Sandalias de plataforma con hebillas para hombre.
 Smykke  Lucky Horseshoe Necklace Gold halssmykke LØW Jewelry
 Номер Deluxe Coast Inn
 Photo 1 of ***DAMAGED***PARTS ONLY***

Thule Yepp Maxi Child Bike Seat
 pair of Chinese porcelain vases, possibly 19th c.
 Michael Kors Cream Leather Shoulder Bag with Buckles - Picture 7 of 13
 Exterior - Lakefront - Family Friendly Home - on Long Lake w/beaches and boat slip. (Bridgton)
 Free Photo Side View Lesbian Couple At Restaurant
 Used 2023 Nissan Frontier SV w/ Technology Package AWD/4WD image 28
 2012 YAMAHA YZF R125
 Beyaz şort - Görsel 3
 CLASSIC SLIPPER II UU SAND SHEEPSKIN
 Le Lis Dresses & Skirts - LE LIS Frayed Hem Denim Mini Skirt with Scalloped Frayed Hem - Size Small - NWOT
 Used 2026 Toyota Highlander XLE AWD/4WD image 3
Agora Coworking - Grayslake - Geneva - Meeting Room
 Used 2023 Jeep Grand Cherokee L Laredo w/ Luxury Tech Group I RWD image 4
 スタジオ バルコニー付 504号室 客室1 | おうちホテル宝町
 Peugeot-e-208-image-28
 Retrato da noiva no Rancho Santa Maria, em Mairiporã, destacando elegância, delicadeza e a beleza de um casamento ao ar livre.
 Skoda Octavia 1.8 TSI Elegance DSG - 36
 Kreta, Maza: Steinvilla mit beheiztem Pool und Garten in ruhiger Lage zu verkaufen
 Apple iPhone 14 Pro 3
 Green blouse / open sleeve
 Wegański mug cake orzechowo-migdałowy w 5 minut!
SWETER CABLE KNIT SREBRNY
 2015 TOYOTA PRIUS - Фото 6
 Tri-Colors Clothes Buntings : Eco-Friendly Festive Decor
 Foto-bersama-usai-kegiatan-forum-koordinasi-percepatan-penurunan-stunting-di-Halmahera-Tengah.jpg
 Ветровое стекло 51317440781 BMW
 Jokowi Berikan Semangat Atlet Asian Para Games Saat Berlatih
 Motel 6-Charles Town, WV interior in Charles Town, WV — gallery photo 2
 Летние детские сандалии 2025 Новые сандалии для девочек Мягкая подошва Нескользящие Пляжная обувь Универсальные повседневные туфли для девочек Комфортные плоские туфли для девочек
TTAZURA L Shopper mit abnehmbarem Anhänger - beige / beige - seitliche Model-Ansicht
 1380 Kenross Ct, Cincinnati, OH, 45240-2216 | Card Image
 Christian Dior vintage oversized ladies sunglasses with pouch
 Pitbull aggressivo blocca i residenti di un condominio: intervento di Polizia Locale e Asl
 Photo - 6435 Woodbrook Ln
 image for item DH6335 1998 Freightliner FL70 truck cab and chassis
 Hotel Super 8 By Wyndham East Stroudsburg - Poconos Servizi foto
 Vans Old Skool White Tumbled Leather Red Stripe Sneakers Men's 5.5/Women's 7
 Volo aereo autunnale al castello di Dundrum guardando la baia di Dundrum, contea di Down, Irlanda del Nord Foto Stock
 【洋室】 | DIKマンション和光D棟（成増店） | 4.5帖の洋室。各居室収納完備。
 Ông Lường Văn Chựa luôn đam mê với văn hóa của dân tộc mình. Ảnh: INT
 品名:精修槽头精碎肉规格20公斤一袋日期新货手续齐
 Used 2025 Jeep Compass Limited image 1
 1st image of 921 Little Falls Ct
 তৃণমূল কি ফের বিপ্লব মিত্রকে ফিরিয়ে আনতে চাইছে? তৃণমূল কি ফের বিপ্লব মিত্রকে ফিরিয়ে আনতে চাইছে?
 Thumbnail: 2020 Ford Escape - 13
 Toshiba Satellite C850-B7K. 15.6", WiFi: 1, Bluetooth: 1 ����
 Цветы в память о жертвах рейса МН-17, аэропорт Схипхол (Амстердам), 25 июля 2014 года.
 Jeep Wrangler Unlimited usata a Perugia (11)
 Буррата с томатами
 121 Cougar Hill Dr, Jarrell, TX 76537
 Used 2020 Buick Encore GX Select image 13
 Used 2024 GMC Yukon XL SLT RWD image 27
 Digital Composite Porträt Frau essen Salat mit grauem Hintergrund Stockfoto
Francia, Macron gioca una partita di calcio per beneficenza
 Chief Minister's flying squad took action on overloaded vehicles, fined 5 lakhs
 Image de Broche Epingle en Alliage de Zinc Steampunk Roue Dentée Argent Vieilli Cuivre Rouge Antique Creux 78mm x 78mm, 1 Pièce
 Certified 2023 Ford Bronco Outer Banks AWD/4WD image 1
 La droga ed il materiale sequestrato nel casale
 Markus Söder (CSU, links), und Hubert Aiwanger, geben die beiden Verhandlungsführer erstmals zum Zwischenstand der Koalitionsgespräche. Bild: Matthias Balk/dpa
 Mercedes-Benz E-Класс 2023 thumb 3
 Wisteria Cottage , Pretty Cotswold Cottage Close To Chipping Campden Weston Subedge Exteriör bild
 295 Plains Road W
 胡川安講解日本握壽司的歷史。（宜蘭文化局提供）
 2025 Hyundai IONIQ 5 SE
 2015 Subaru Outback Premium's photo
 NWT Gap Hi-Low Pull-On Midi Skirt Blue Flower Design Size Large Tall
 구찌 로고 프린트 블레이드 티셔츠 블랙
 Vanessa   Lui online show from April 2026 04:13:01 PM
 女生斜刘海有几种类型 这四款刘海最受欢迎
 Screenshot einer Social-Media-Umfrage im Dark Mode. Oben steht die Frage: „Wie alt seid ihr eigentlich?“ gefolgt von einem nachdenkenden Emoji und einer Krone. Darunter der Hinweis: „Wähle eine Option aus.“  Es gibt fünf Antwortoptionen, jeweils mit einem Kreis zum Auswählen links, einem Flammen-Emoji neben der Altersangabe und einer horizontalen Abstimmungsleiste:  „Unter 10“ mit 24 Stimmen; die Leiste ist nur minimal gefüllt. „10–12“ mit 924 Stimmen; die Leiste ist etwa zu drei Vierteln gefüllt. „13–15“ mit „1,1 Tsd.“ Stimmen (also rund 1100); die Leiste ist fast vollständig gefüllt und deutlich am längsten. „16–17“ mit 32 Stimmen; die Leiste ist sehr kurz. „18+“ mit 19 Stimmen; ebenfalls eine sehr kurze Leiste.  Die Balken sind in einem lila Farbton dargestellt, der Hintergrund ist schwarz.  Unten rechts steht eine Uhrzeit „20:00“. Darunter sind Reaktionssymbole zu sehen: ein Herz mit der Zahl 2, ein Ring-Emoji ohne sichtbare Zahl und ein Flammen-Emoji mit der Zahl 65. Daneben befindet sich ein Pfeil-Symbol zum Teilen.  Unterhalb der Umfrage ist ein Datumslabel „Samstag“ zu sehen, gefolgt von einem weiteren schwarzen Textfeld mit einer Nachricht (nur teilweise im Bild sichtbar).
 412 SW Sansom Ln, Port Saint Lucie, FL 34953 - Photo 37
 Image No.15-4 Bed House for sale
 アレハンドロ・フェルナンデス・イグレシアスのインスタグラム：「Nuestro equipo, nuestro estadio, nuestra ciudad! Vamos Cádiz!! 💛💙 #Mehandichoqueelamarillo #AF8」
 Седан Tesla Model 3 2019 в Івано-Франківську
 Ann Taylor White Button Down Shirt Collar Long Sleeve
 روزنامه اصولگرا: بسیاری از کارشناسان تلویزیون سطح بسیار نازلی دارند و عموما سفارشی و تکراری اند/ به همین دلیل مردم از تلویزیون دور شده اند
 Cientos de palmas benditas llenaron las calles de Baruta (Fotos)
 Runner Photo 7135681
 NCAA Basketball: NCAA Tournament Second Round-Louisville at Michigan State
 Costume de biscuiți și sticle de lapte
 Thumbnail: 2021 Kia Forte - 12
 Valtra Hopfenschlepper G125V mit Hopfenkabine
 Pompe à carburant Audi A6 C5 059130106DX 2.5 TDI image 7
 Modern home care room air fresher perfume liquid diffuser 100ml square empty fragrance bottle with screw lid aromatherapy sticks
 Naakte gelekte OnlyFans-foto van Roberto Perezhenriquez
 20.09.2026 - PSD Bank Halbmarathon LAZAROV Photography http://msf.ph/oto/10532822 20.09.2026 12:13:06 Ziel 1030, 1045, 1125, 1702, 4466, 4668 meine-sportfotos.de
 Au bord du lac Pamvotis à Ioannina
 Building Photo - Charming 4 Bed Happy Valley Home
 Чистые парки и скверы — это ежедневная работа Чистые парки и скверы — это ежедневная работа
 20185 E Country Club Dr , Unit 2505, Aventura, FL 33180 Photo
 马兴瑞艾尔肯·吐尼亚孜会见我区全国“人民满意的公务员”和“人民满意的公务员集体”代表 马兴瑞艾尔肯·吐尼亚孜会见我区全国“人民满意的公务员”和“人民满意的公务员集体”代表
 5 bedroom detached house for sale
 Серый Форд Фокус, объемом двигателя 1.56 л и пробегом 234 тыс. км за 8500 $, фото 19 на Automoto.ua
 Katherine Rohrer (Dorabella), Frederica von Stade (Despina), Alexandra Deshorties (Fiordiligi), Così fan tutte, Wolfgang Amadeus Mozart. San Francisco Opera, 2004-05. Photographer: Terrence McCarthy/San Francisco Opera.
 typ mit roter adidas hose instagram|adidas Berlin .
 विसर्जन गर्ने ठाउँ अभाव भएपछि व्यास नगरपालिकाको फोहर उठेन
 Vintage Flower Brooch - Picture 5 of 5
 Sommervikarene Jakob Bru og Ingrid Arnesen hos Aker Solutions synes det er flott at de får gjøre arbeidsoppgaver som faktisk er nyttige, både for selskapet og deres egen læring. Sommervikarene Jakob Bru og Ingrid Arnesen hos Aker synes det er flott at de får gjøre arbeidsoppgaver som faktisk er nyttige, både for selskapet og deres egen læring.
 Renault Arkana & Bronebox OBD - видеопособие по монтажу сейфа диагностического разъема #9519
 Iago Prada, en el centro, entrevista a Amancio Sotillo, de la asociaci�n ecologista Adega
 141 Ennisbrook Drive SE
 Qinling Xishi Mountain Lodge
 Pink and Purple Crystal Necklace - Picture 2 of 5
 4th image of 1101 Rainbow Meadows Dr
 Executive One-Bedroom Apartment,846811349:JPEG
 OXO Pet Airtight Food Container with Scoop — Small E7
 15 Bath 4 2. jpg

# # #

EXERCISE –
Tally up the lines in the records that contain the word "Necklace" and give only the total.

RESULT –
2